我也试试。@邓贵大 的代码很牛!但是我不知道如果同样年龄的2个人有不同的收入水平会不会导致问题。我写了一个macro。献丑了。test数据的生成使用了@邓贵大的代码。
**生成一个测试用的数据;
data test;
do id=1 to 100;
age = 18+ceil(60*ranuni(12345));
income = 100000+20000*rannor(12345);
output;
end;
run;
*生成一个临时数据;
data one;
input avg_income age;
cards;
. .
;
run;
**注:只要指定的这个max_age 值大于数据中的最大年龄就可以。delta就是相差的年龄;
%macro est(max_age,delta);
data age_mean_income;
set one;
run;
%let j=1;
%do %while (&j.<=&max_age.);
data temp;
set test;
where &j.-&delta<=age<=&j.+&delta.;
run;
proc means data=temp noprint mean;
var income;
output out=mean_income mean=avg_income;
run;
data mean_income;
set mean_income;
age=&j.;
drop _type_ _freq_;
run;
proc append base=age_mean_income data=mean_income;
run;
%let j=%eval(&j.+1);
%end;
proc sort data=age_mean_income;
by age;
run;
proc sort data=test;
by age;
run;
data income;
merge age_income test(in=a);
by age;
if a^=1 then delete;
run;
%mend;
%est(100,2);
I used data step + array to solve the problem.
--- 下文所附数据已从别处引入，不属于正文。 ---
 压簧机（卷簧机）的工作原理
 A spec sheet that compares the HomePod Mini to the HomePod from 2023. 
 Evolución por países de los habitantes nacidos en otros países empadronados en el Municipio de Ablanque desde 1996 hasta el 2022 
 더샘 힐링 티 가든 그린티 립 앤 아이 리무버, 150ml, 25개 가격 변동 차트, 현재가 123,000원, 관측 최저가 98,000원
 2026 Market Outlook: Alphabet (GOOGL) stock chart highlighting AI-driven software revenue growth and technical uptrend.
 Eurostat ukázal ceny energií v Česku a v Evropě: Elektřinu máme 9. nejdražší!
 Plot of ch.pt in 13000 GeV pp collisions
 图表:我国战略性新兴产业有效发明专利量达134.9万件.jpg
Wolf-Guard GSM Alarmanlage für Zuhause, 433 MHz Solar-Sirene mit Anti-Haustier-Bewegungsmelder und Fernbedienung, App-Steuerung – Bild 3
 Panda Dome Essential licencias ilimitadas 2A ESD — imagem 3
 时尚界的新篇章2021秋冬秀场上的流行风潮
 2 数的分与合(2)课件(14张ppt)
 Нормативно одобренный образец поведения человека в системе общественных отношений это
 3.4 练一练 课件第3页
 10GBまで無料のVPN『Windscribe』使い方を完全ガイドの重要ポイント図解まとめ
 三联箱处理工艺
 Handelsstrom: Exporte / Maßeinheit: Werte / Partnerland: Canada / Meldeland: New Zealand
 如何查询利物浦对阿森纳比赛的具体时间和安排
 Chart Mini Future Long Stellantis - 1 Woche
Here Age has to be positive integer. Since no table merge involved, the efficiency is very high. The limit of size of data can be run in this code depends on your data strucutre. I can run the code on the data set of 7 million records, 100 disctinct BY-level, age from 1 to 101 (uniformly distributed), and for 2 analyzed variables in about 12s.
Jingju